La fête carnavalesque est hostile à tout
ce qui est définitif, prêt et achevé, à toute
prétention à l’immuable et à l’éternel
: tout y prend une forme dynamique, fluctuante. Et quel exemple
illustre mieux l’inachevé, le devenir perpétuel
que l’oeuvre majeur de Wim Delvoye, Cloaca ?
Le processus même de la digestion en est l’image ; la nourriture
devient progressivement merde, les deux pôles du changement
sont représentés : l’ancien et le nouveau,
ce qui naît et ce qui meurt, mettant ainsi en valeur
une importance marquée du temps ; les produits dérivés
de Cloaca eux-mêmes ne sont pas voués à l’immobilité puisque
les excréments ne sont pas seulement produits mais
vendus, et deviennent donc des oeuvres autonomes, qui continuent
leur chemin indépendamment de l’oeuvre mère.
De là découle tout un ensemble de procédures
commerciales : la machine pourrait être cotée
en bourse et devenir une véritable entreprise économique.
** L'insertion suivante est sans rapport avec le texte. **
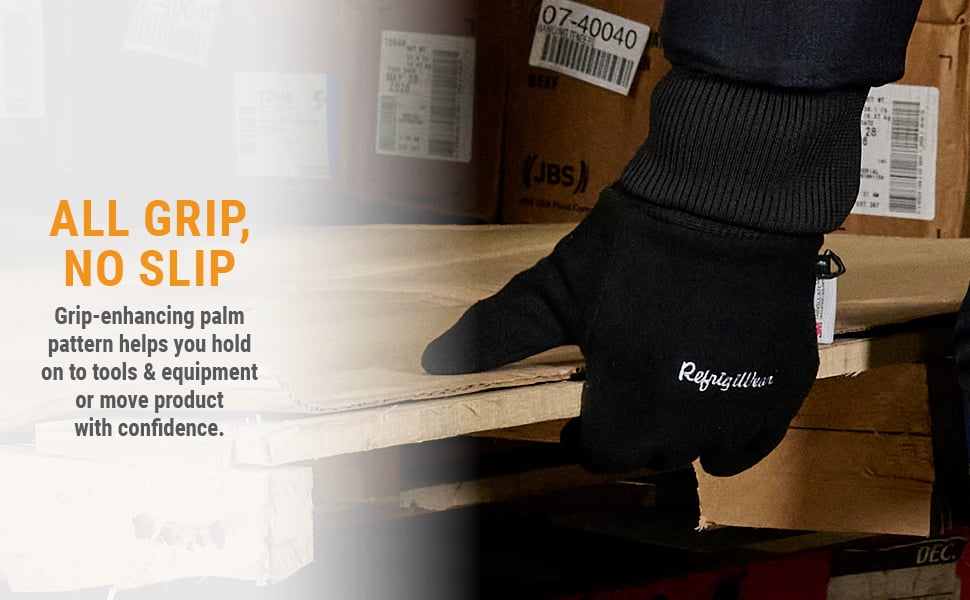 Safe Grip Freezer Fleece Glove with synthetic leather palm and silicone grip pattern for secure handling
Ainsi, on peut difficilement parler de la machine comme d’une
oeuvre achevée ; Cloaca est bien plus que ce que l’on
voit dans le musée: chaque exposition l’interprète
de façon nouvelle, lui faisant jouer une partition
différente; elle possède un dynamisme propre,
allant à l’encontre de toute volonté d’immuabilité.